Over the next two centuries, however, literacy in Massachusett and many other eastern Algonquian languages declined. The last known writing in Massachusett is a grave marker dated 1787 (see page 11.) The ironic symbolism of such evidence is many-layered. The marker names a Native minister whose stone dramatizes the end of the long connection between vernacular literacy and native Christianity. The Massachusett language continued to be spoken in church services, particularly on Martha’s Vineyard, until the early decades of the nineteenth century. However, as Native ministers and local leaders bowed to pressure to conduct services in English, and as fewer were able or willing to employ Massachusett in other public contexts, the sociability of vernacular language use on which its literacy depended disappeared. When Massachusett ceased to be the language of public interaction, and became restricted to home use, literacy in it was no longer viable.

This is a lesson that modern programs of language preservation should consider. At the same time, the notion of success in language revitalization does not require the acquisition of Native fluency. The intimate links between language and culture make efforts at awakening a dormant language inherently valuable. If, as some argue, we think of language as a tool to mark identity, then its repression and the encouraging of language shift by the dominant population, is a step towards controlling the weaker population’s identity. Revitalizing language, then, is the first step in a process of regaining control over one’s identity.
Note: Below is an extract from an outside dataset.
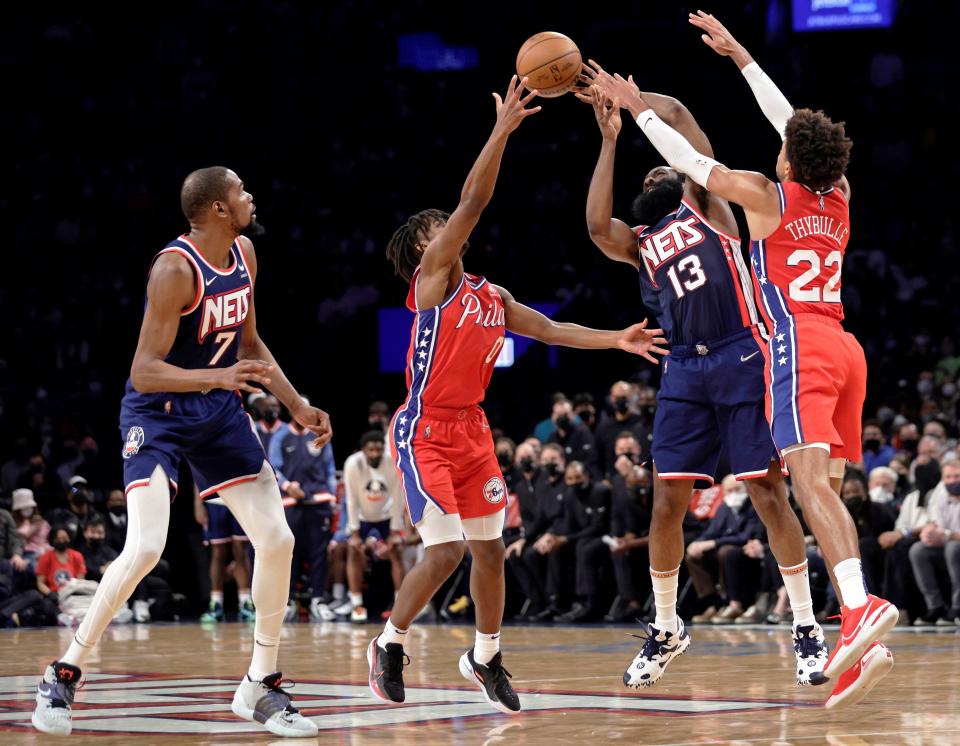 The Nets' James Harden, 13, pursues a loose ball with the Sixers' Matisse Thybulle, 22, and Tyrese Maxey as Brooklyn's Kevin Durant watches.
L. Frank Manriquez (Tongva/Ajachmen) described this concept eloquently in a 1998 article in the publication Terralingua: 

If I know one word in my language my creator will let me go to where I have to go when I pass away. I don’t have a whole language. It is silly to think I will bring an extinct language back to fluency…But if I have one word, it is the power of one word, and whoever is at the garden gate – the pearly gates, the happy hunting grounds – will recognize me and it will be enough for me to go in. There is so much power in just one word. Somebody asked: ‘Why save the language or save your dance, why bother? Why don’t you just give it up, become one of us?’ Well, you can’t give up the color of your eyes. You can’t give up what has been running through your blood for ages.